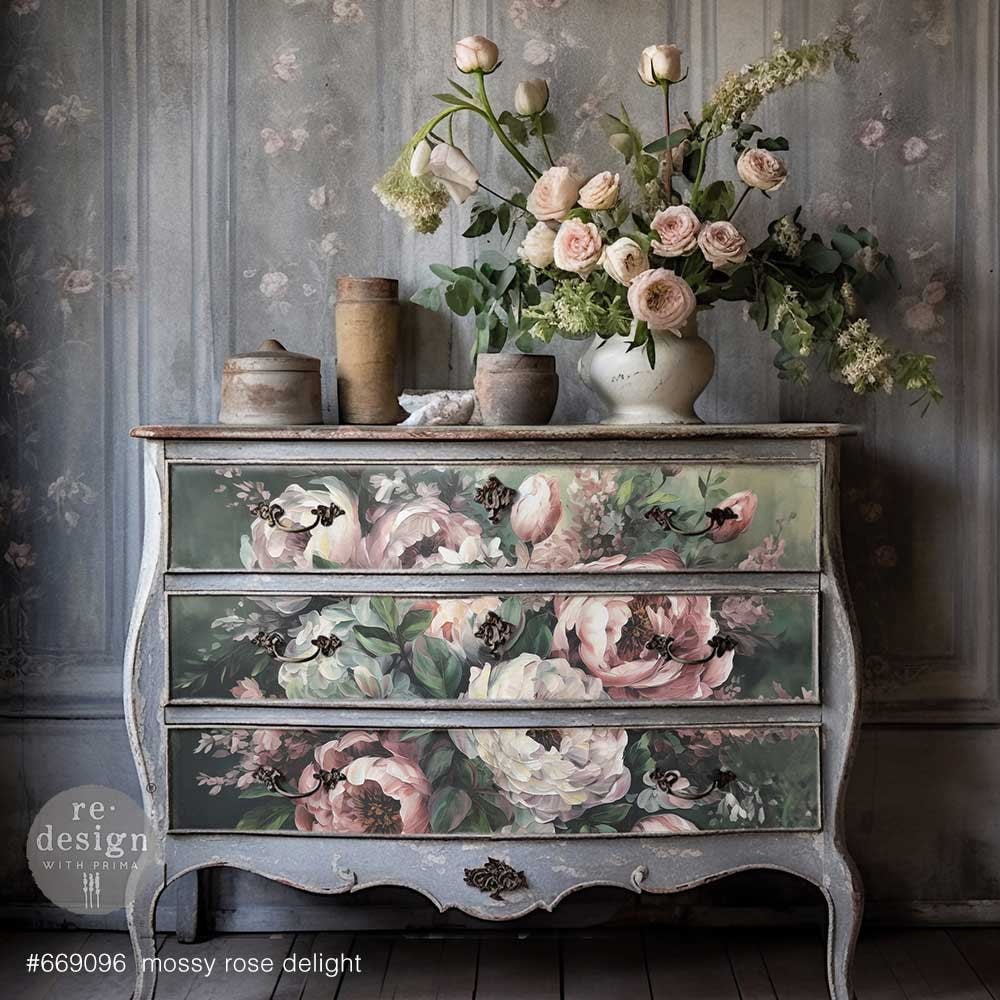 MOSSY ROSE DELIGHT - A1 Decoupage Fiber Paper - Redesign Decoupage ...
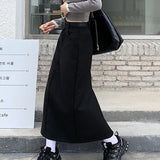 Mqtime Y2K Streetwear Solid Color Casual A-line Skirt Women Spring New High Waist Fashion All-match Mid-length Skirt with Belt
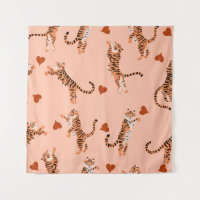 Tigers Autumn Leaves: Vintage Jumping Pattern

ASSIGNMENT: When an image appears in the data, skip it and output the rest exactly.

ANSWER TO THIS PROBLEM:
 MOSSY ROSE DELIGHT - A1 Decoupage Fiber Paper - Redesign Decoupage ...
 Mqtime Y2K Streetwear Solid Color Casual A-line Skirt Women Spring New High Waist Fashion All-match Mid-length Skirt with Belt
 Tigers Autumn Leaves: Vintage Jumping Pattern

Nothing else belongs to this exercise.